▶ [Input data]:

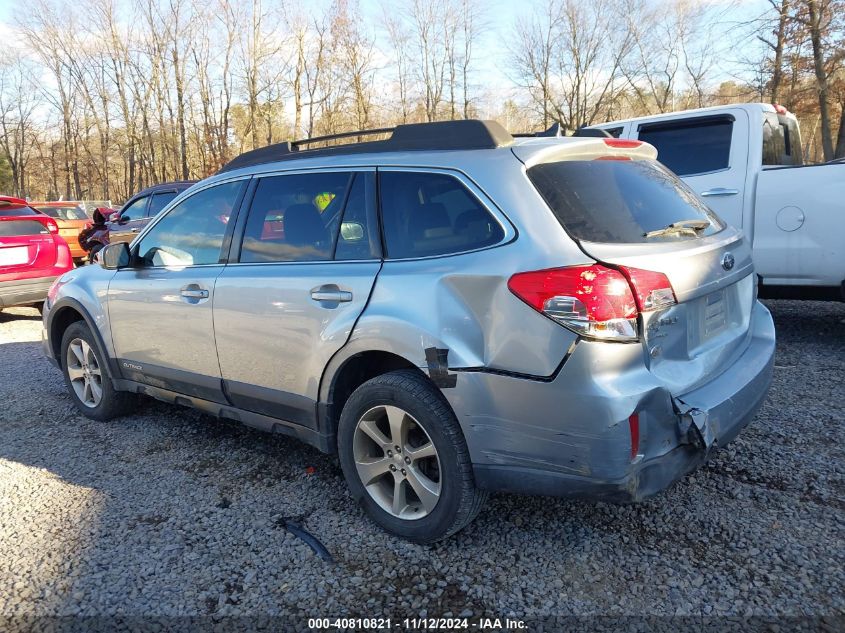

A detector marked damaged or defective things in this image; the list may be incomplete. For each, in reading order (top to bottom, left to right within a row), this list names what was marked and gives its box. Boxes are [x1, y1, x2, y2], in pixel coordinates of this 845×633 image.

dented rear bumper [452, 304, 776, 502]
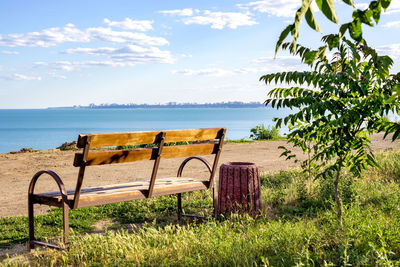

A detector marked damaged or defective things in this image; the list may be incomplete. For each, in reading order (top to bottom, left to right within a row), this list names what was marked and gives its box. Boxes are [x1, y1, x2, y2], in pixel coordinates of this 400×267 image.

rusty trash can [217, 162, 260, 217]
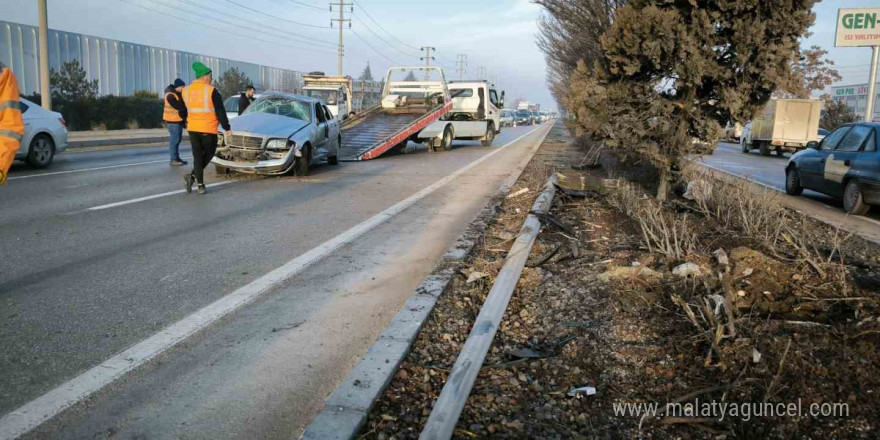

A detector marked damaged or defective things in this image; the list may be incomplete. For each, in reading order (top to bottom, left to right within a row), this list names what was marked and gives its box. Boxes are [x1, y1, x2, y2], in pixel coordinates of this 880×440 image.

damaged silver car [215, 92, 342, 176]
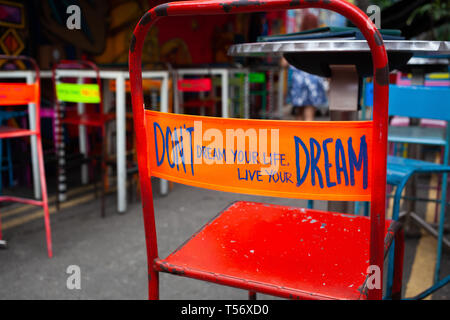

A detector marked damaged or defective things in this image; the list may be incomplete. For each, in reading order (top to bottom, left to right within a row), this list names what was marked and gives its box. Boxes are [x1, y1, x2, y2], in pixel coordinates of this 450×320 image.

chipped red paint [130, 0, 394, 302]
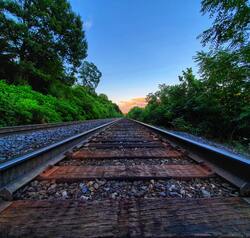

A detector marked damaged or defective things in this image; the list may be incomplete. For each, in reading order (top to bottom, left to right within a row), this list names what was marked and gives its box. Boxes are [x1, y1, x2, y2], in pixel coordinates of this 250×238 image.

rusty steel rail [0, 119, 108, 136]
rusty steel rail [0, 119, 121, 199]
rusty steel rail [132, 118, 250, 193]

▶ [Aim of the exercise]: Starting at the line with "this 880×440 image.", output each line through the final one of the listing above, and nothing else. Pictures are to be left out.

▶ [Response below]:
A detector marked damaged or defective things in this image; the list may be incomplete. For each, in reading order (top to bottom, left to right within a row), this list names what was marked and gives its box. Boxes are [x1, y1, x2, y2], in pixel coordinates of this 880×440 image.

damaged silver car [215, 92, 342, 176]

A detector marked damaged or defective things in this image; the list may be incomplete. For each, in reading order (top to bottom, left to right within a row), this list names what was marked and gives its box. Boxes are [x1, y1, x2, y2], in pixel coordinates of this 450×320 image.

chipped red paint [130, 0, 394, 302]

A detector marked damaged or defective things in this image; the list may be incomplete. For each, in reading order (top to bottom, left to right within a row), this list names what was marked and gives its box. Boxes are [x1, y1, x2, y2], in pixel coordinates of this 250×238 image.

rusty steel rail [0, 119, 108, 136]
rusty steel rail [0, 119, 121, 199]
rusty steel rail [132, 118, 250, 193]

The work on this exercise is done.